The Defense Department’s 2019 budget is a step closer to President Trump’s desk, after the Senate approved the final version of the Pentagon’s annual budget bill 93-7 Tuesday.
The final DoD appropriations bill still needs to be approved by the House, which is in recess until Sept. 25, before Trump can sign the measure into law. The 2018 fiscal year ends Sept. 30. The House is now scheduled to meet four times before then.
The White House requested about $2 billion more for fiscal year 2019 than the roughly $675 billion compromise DoD budget would appropriate. However, the final bill would provide roughly $20 billion more than the 2018 budget.

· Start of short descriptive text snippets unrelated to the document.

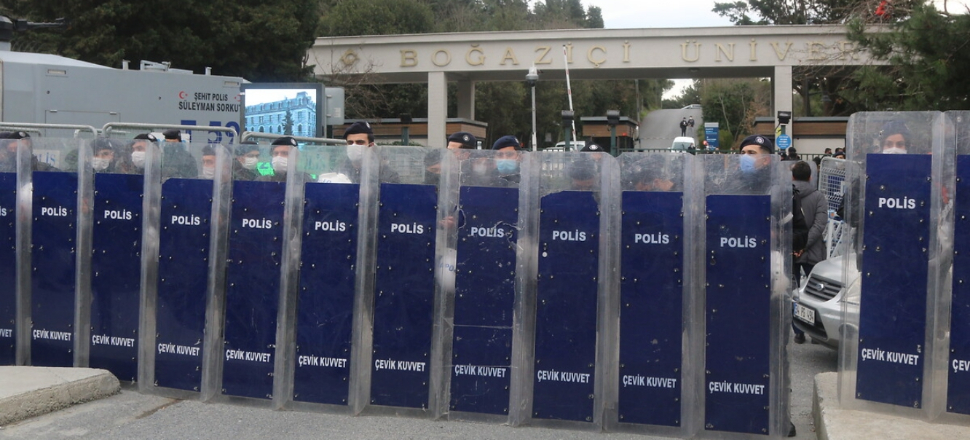 Dışişleri: Kimsenin haddi değil!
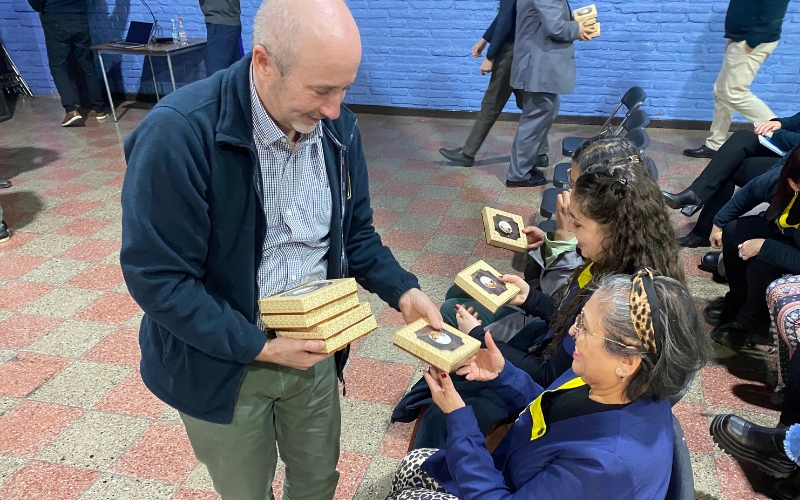 Comunidad de San Ramón rinde emotivo homenaje a educadoras y madres salesianas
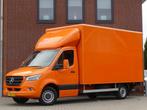 Mercedes-Benz Sprinter 314 CDI Meubelbak Laadklep LED/LEER/A, Auto's, Bestelauto's, Automaat, Achterwielaandrijving, Gebruikt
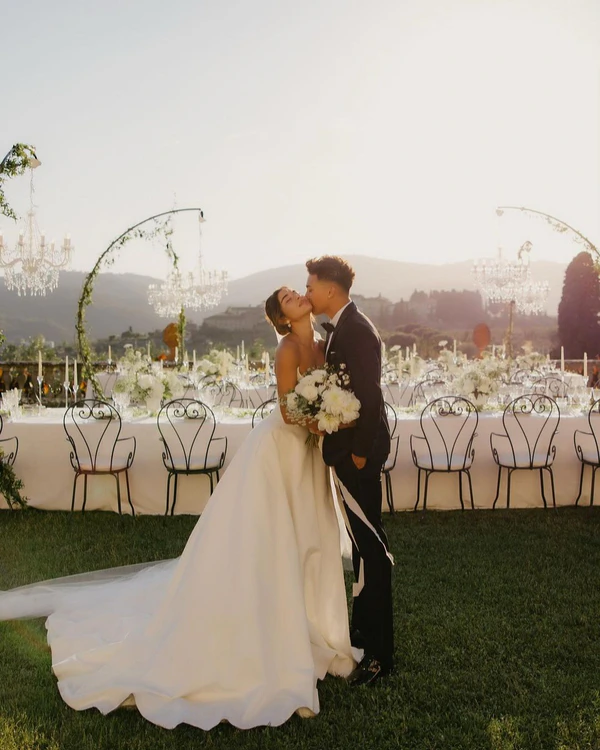 Influencer Couples: Inspirational Weddings of 2022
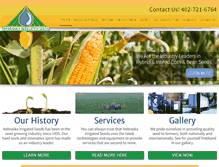 Tablet Screenshot of niseeds.com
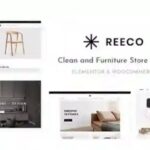 Reeco Theme Furniture WooCommerce WP GPL Theme v1.5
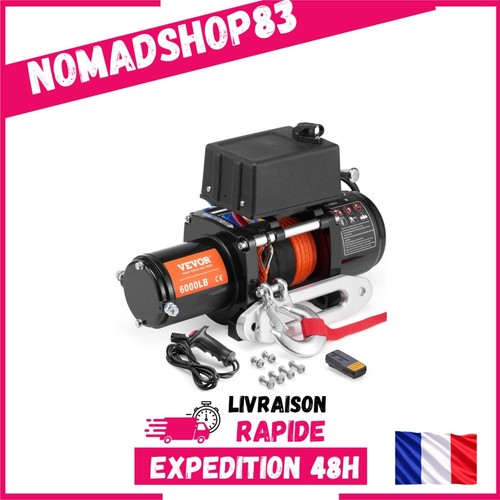 Vevor treuil électrique 2722 - vevor,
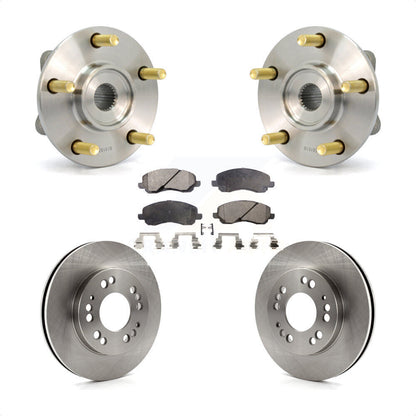 [Avant] Kit d'ensemble roulement de roue et moyeu pour 2001 Mitsubishi Eclipse Galant From 06/01 2.4L KBB-104981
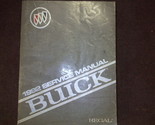 1992 GM Buick Regal Service Réparation Atelier Manuel Usine OEM Livre - £39.92 GBP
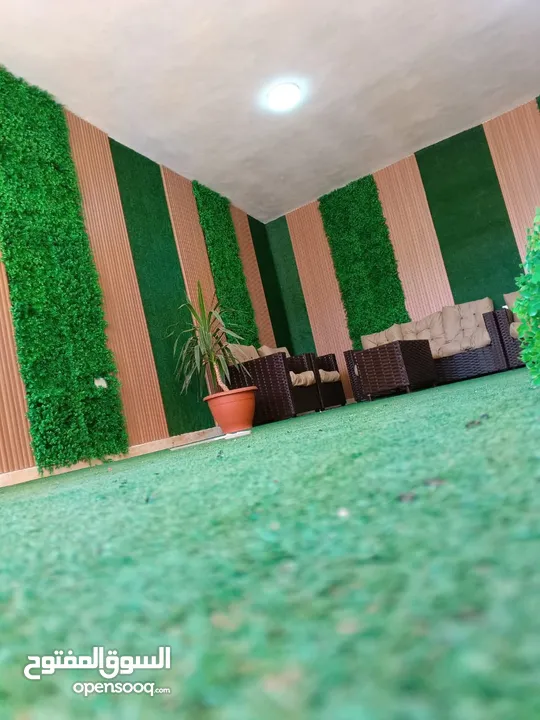 سجاد برستيج للعشب الصناعي المستورد مكفول خطياً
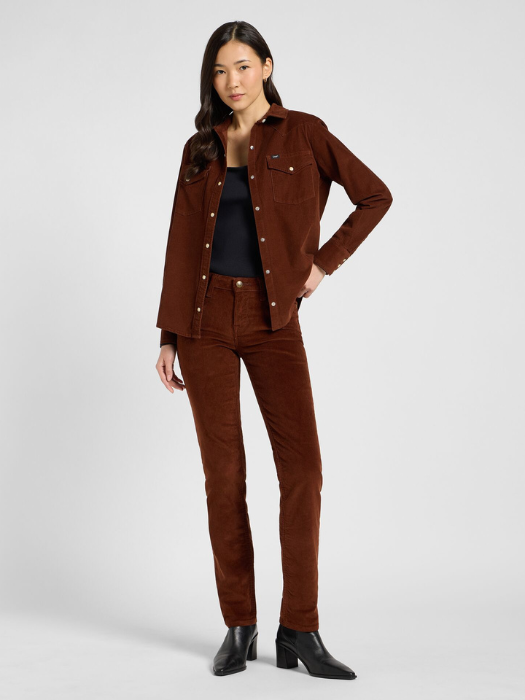 Lee Camasa Maro Regular Femei [1]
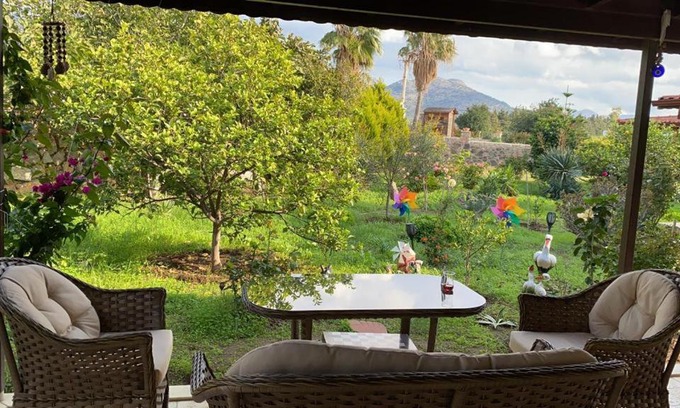 Datca House | Villa Ernis: Pet-Friendly Retreat in Datça Raykent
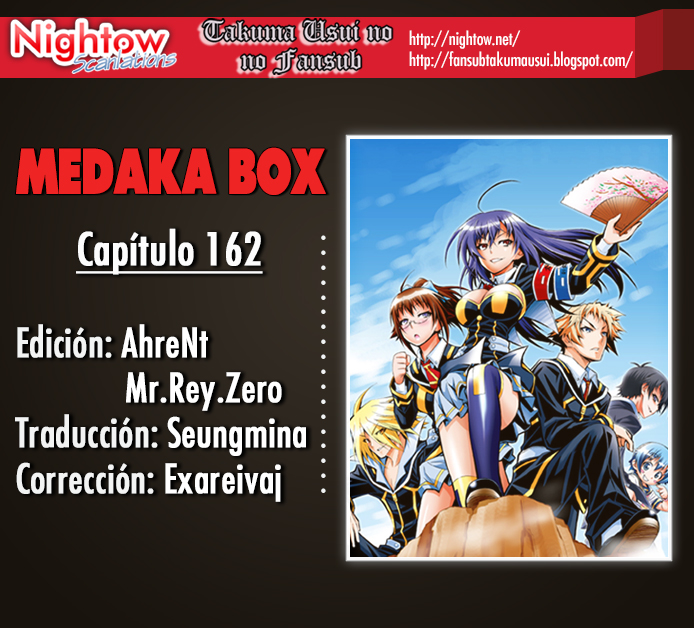 Medaka Box-Chapter 162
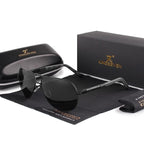 Niki | Men's Aviator Polarized Sunglasses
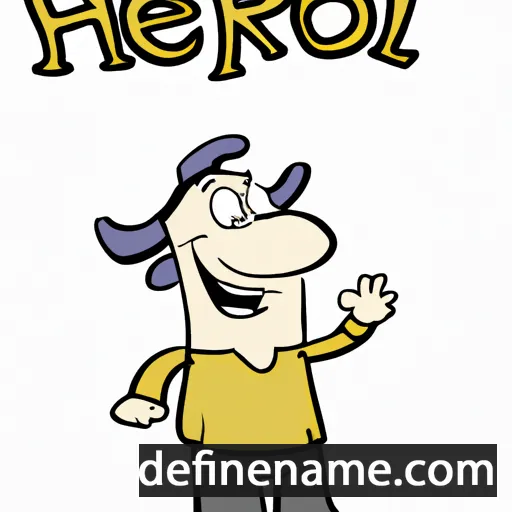 Herlof cartoon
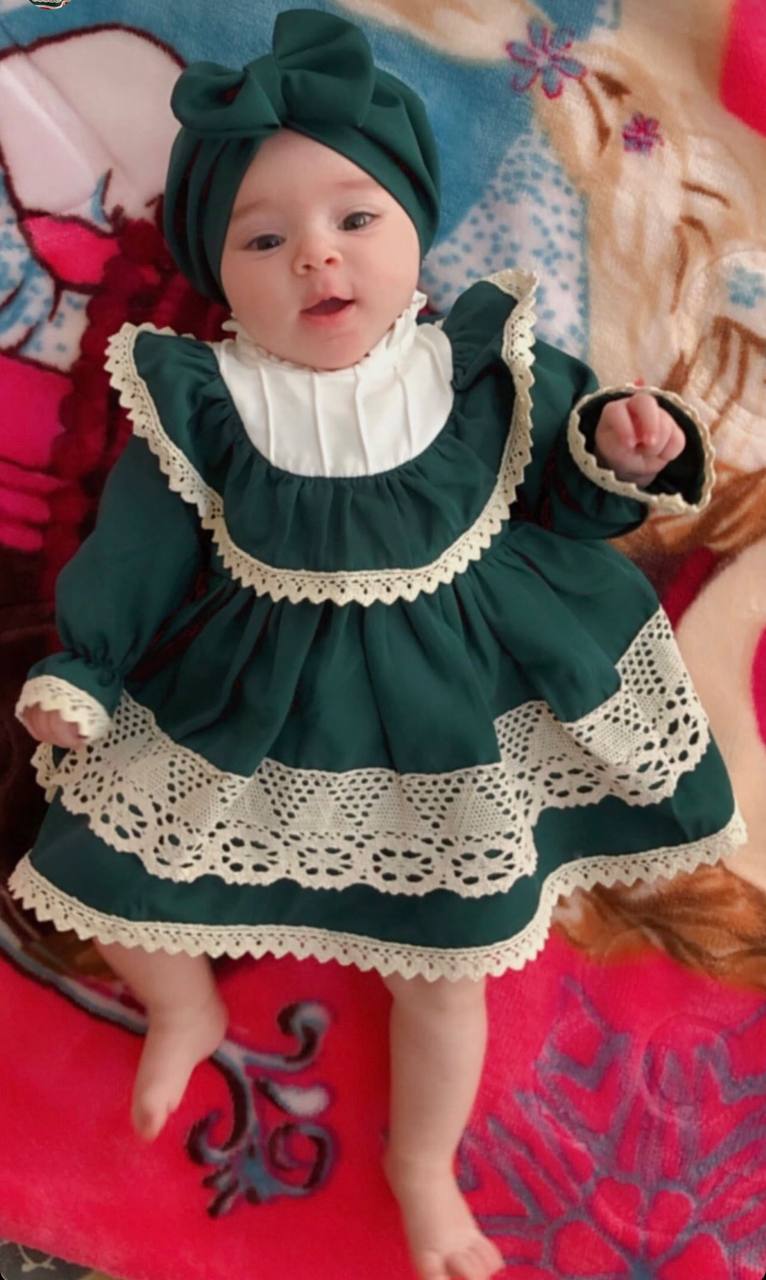 پیراهن اسپانیایی G195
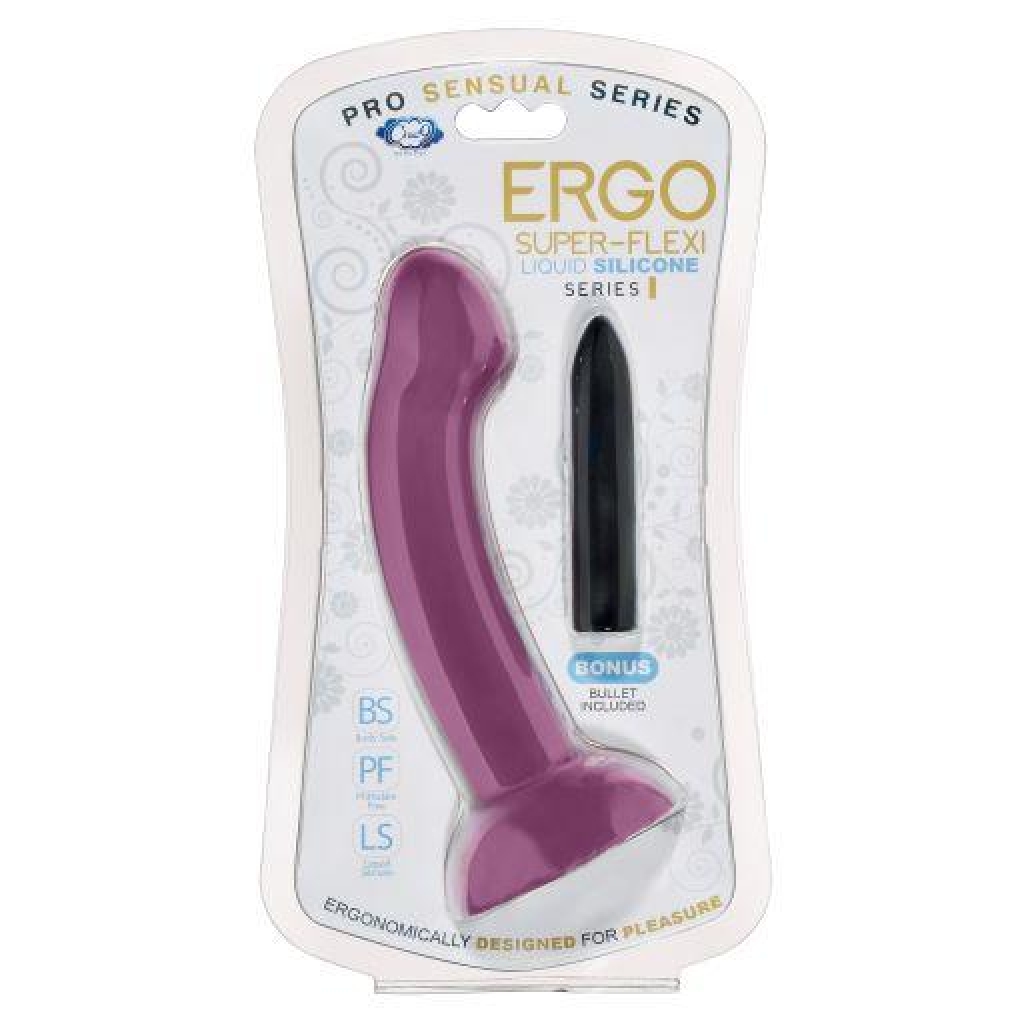 Ergo Super Flexi I Plum Pro Sensual Line - G-Spot Vibrators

Among other things, the DoD appropriation would boost military procurement by about $135 billion in 2019: about 1 percent more than the 2018 budget, and nearly $5 billion more than requested.
That includes:
- $24 billion for the Navy’s shipbuilding account, or $2 billion above the request, for construction of 13 new ships. These include: three DDG-51 destroyers; three Littoral Combat Ships (LCS), which is two more than requested; and two Virginia-class attack submarines.
- $9.5 billion or so for 93 F-35 Joint Strike Fighters for the Air Force, Marines and Navy: $1.5 billion above the request for 16 more F-35s than the Pentagon sought for fiscal 2019. Half of those additional aircraft would go to the Air Force, two to the Marine Corps and six to the Navy.
- $2.3 billion for 15 KC-46 next-generation tanker aircraft, currently in development by Boeing [BA]: a little lower than the $2.5 billion the Air Force requested for 2019.
Trump had not issued a statement of administration policy — an official note about whether he will sign or veto the bill — at deadline Tuesday for Defense Daily. The 2019 DoD appropriation is part of a multi-agency appropriations package that also funds the civilian departments of Labor, and Health and Human Services.